Padre Mersenne, dal canto suo, si schiera dalla parte della nuova scienza “come un argine di fronte ai pericoli grandissimi che sono rappresentati, per il pensiero cristiano e il suo patrimonio di valori, dalla ripresa dei temi magici, dalla diffusione della tradizione ermetica, dalla presenza di posizioni che si richiamano al naturalismo rinascimentale e alle dottrine presenti nel pensiero di Pomponazzi…” (Rossi, p.205).
Ciampoli, Mersenne e tanti altri (la lista degli ecclesiastici galileiani sarebbe troppo lunga, da padre Riccardi, maestro di Sacro Palazzo e superiore dei domenicani, a mons.
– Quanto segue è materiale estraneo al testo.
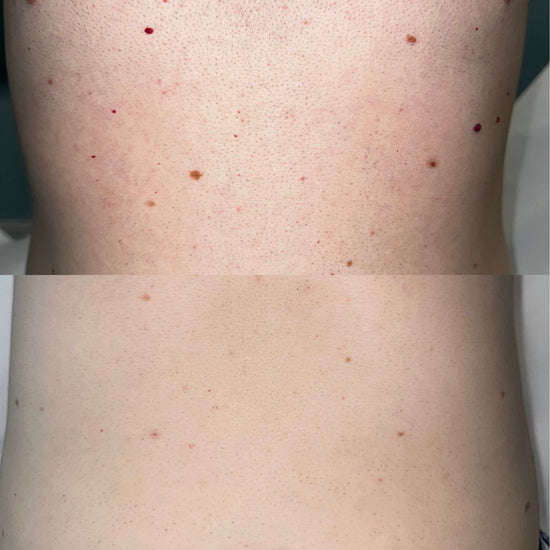 After 3 treatments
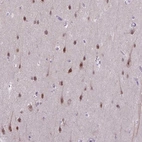Immunohistochemical staining of human cerebral cortex shows high expression.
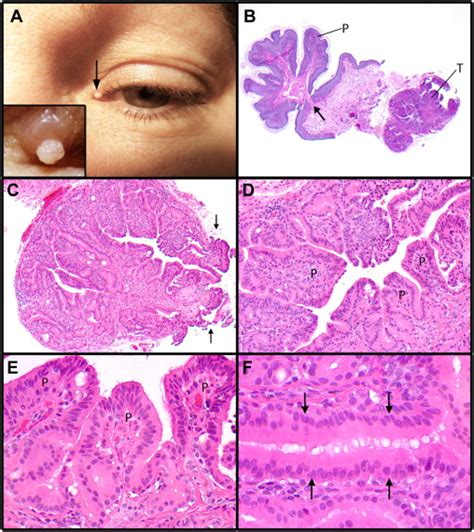 Papillary Hidradenoma Of The Eyelid Margin Clinical And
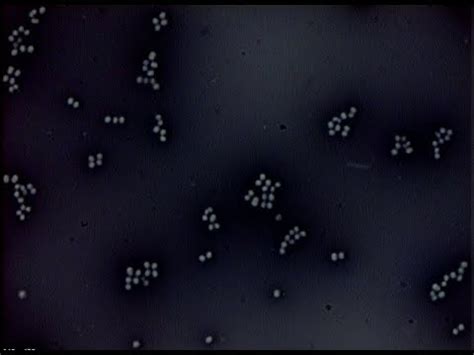 What Is Negative Staining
Sforza Pallavicino, a scienziati come don Balli, padre Maignan, padre Valeriano Magni, padre Stefano Degli Angeli, padre Francesco Maria Grimaldi…oltre ai già citati padre Benedetto Castelli e padre Bonaventura Cavalieri, sino a don Marco Ambrogetti e padre Clemente Settimi, che stettero accanto al vecchio Galileo, ormai cieco, per scrivergli gli appunti e rispondere alle lettere) videro giusto: con lo scienziato pisano la magia entrò definitivamente in crisi, e con essa tutte le filosofie animiste e panteiste, e quindi anti-cristiane, che erano risorte coll’umanesimo e il rinascimento. Il nuovo avversario della fede, da allora, non sarebbero stati più i maghi e i filosofi pagani, che interpretavano il mondo come un “grande animale”, ma i filosofi razionalisti, atei e materialisti, che toglieranno l’anima non solo alle stelle, ma anche agli uomini.
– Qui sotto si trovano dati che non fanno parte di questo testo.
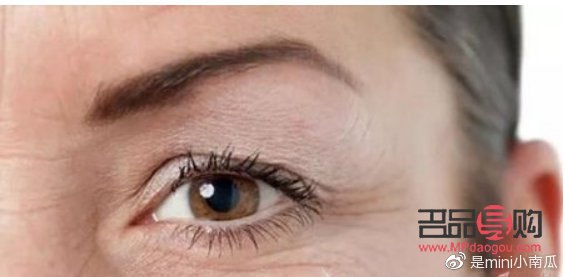 眼皮下垂是提眉好还是割双眼皮好(眼皮下垂是提眉好还是割双眼皮好呢)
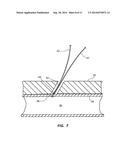 LARGE BORE CLOSURE SECONDARY HEMOSTASIS BIOADHESIVE DELIVERY SYSTEMS AND     METHODS diagram and image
Prima, però, ci fu la generazione degli scienziati credenti: dopo l’ecclesiastico Copernico, Galilei e il religiosissimo Keplero, vi furono, a prescindere da alcune incrostazioni esoteriche, scienziati devoti come Isaac Newton, Robert Boyle e tanti altri. Spetterà a questi due, in particolare, il compito di teorizzare una visione meccanicistica cristiana, già adombrata da alcuni religiosi in epoca medievale, escludendo però un indebito allargamento del meccanicismo al regno dello spirito. Boyle, per esempio, attaccò spesso i seguaci di Epicuro, di Democrito e di Cartesio, che volevano trarre conclusioni materialiste dal meccanicismo, dichiarando che «il problema della “prima origine delle cose” va tenuto accuratamente distinto da quello del 'successivo corso della natura”».
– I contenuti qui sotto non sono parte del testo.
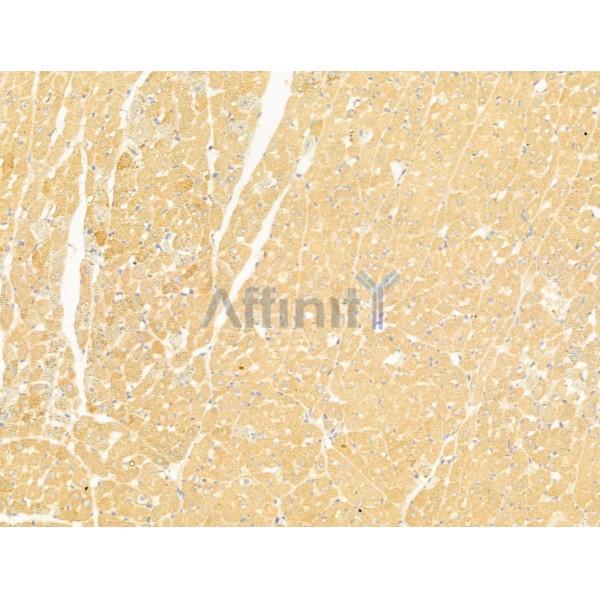 Валидация Affinity DF12215 - 6487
Dal canto suo Newton prese le distanze dai “possibili esiti ateistici e materialistici del cartesianesimo”, affermando che il “cieco destino” e il “Caos”, non avrebbero mai potuto essere chiamati in causa per giustificare, insieme alle mere leggi della natura, il “disegno intenzionale”, divino, intelligente e non casuale, sotteso alla creazione. “La ammirevole disposizione del sole, scriveva Newton, dei pianeti e delle comete può essere solo opera di un Essere onnipotente e intelligente”, che ha posto in essere leggi naturali che hanno cominciato ad operare solo dopo che l’universo è stato creato. “Newton e i newtoniani”, conclude lo storico della scienza Paolo Rossi, “non accettarono mai l’idea che il mondo possa essere stato prodotto da leggi meccaniche” (Rossi, p. 207,208).